Q153 Mr Chaytor: Minister, would
you accept that this may well be part of a major problem for government
and the country because, in terms of influencing the perceptions
of business, for example the Stern Report was very powerful in
winning the economic argument, but in terms of influencing the
perception of 20 million motorists or 15 million tabloid newspaper
readers, then there has been a complete absence of success? This
is a problem for government and you and the Treasury are part
of this. The question is: should the Treasury not be more proactive
in triggering a national debate, not only about climate change
but also about the evidence of peak oil?
Angela Eagle: There may well be
people in the Treasury who think an expansion of our already broad
remit would be a desirable thing. I am certainly happy to take
it away and think about it. We do a lot of this kind of work in
the conferences we have, in the reports that we produce, and you
have mentioned the Stern Report as one example of that. But I
am not sure it is the role of the Treasury alone to analyse this
and have a debate with the 15 million readers of tabloid newspapers.
That is something that the whole of our political structure needs
to do. I am not sure it is particularly a Treasury core function.
Q154 Mr Chaytor: Would you accept
that if it is the responsibility of the whole of the political
structure, then their efforts so far have been a complete failure?

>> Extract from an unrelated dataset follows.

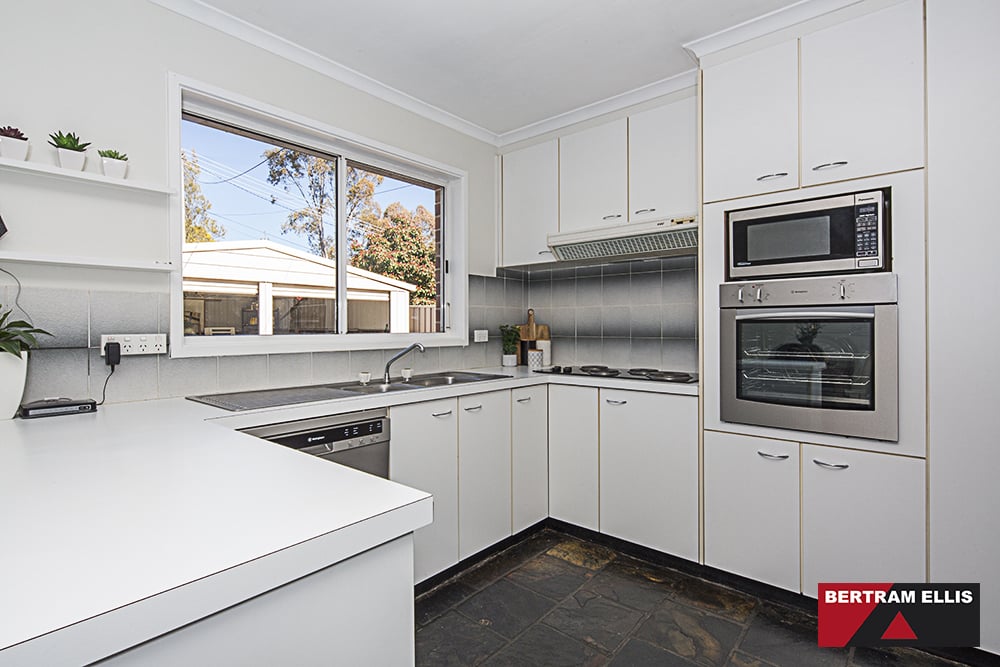 37 Rushbrook Circuit, Isabella Plains - Thumbnail 5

Angela Eagle: I think that we
have to have a far more grown up, sensible discourse in our political
structures about some of the major structural challenges that
we will face in the future than perhaps we have managed in the
past. I like to think that rather dry technical economic treatises
like the Stern Report inform that but the way that it then gets
out and diffused into the debates that we have in wider society
is not only a matter for the Treasury; it is a matter for the
whole of our civil society.
Q155 Mark Lazarowicz: I have one
very specific question. Some groups have suggested that the financial
support given by the Treasury to banks, particularly in terms
of taking equity holdings, should be linked in some way to encouraging
a sustainable approach by those banks to the way they provide
support for business members, encouraging a more sustainable business
rather than a carbon-intensive business. What is your view on
that suggestion?
Angela Eagle: We took the action
we did first of all to stabilise the banks to prevent them from
collapsing. We have taken subsequent action to try to unfreeze
the credit markets and ensure that credit flows to business that
needs it. I think it would have been quite difficult to say, "But
we only want credit to flow to businesses that we approve of"

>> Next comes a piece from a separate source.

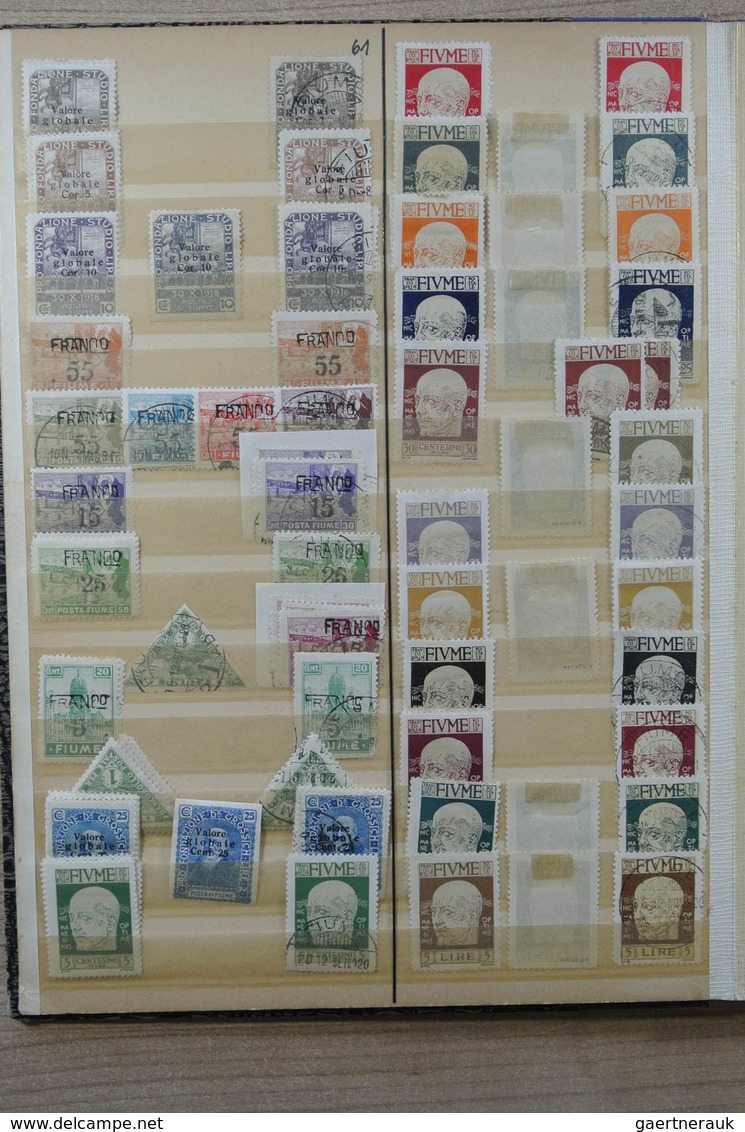 27080 Jugoslawien: till ca. 1925. Nice MNH, mint hinged and used stock Yugoslavian States in 5 stockbooks.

in that sense. We know that part of the results of the work we
have done in trying to unfreeze credit will be to support those
businesses, but I am not sure that we could have got ourselves
into a circumstance where we were somehow saying to banks, "But
you cannot lend to those that are not green enough".
Q156 Mark Lazarowicz: I do not think
we are saying that you should give that kind of specific direction
but can you not, for example, say to the people who are UK FI
appointed to look at a bank's board that one of your objectives
should be to try to ensure as far as possible a green approach
to the investment policies of a bank? Is that not quite sensible,
given the long-term trends in the economy?
Angela Eagle: Once we have got
ourselves into a position where we have stabilised the banks and
got lending working again, we will be in a position to look to
see during our stewardship of these institutions whether there
are any other parameters that we might wish to put before them.
I think at the moment the important thing is that we end up with
a financial system where credit is flowing again, and that is
the overriding aim of the work we have done. I am not saying absolutely
not in the future but at the moment we have to be able to ensure
that credit begins to flow again to all business so that we can
try to deal with and mitigate some of the effects on the real
economy that have been caused by the global credit crunch.
Chairman: Thank you very much indeed,
Minister. We have covered a reasonable amount of ground this morning
and we are very grateful to you for coming.